> **EXERCISE REQUIREMENTS**
Scan the entries for the word "Pink". Every line that has it should be copied.

> **EXERCISE INPUTS**
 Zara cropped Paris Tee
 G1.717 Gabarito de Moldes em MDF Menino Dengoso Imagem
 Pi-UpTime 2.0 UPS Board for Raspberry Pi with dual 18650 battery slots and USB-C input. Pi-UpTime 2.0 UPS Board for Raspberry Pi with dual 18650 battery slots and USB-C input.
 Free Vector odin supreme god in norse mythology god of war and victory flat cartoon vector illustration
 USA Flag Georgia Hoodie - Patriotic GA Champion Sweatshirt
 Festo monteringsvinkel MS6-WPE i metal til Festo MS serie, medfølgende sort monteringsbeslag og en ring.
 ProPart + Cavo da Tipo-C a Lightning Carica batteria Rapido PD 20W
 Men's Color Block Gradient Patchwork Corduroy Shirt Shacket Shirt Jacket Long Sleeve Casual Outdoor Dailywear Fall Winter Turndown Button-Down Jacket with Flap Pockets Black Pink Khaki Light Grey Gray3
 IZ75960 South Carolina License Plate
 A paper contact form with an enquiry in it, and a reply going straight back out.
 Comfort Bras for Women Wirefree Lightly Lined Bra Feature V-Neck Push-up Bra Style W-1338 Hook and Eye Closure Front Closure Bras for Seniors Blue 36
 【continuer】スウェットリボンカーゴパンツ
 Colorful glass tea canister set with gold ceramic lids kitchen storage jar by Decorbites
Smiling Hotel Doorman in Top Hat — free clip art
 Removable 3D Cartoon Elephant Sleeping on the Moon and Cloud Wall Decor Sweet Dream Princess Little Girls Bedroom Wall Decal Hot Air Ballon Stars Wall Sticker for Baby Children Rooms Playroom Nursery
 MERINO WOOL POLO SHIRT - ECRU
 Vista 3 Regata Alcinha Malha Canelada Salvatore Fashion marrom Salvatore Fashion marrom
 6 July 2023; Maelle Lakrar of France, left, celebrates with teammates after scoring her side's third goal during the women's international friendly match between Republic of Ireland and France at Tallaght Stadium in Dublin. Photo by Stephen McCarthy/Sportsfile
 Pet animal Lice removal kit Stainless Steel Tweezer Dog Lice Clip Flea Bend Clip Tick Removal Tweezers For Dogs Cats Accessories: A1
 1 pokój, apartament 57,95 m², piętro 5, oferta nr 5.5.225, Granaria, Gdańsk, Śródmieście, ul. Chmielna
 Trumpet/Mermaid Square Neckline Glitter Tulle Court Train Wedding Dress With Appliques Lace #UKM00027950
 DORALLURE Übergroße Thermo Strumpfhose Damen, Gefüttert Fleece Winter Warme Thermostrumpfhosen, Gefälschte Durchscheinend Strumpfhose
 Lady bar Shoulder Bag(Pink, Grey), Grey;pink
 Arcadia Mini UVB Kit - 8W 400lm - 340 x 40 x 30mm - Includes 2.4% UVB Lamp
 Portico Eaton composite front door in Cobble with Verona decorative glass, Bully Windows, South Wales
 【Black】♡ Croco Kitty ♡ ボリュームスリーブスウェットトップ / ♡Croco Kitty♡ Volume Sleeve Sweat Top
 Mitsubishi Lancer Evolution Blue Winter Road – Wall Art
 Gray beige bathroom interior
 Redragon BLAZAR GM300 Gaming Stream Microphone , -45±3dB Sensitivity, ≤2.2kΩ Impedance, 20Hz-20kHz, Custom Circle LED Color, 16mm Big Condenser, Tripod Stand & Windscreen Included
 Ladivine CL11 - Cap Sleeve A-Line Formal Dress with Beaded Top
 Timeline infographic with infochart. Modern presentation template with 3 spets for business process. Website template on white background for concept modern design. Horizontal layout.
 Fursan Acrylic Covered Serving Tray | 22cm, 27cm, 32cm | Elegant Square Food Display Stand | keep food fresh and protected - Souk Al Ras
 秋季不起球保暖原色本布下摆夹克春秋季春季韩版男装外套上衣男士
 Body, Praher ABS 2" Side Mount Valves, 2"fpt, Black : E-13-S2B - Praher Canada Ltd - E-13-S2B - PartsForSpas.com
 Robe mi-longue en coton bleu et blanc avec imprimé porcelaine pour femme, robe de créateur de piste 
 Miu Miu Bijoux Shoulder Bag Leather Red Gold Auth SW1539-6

> **OUTPUT FOR THIS EXERCISE**
 Men's Color Block Gradient Patchwork Corduroy Shirt Shacket Shirt Jacket Long Sleeve Casual Outdoor Dailywear Fall Winter Turndown Button-Down Jacket with Flap Pockets Black Pink Khaki Light Grey Gray3
 Lady bar Shoulder Bag(Pink, Grey), Grey;pink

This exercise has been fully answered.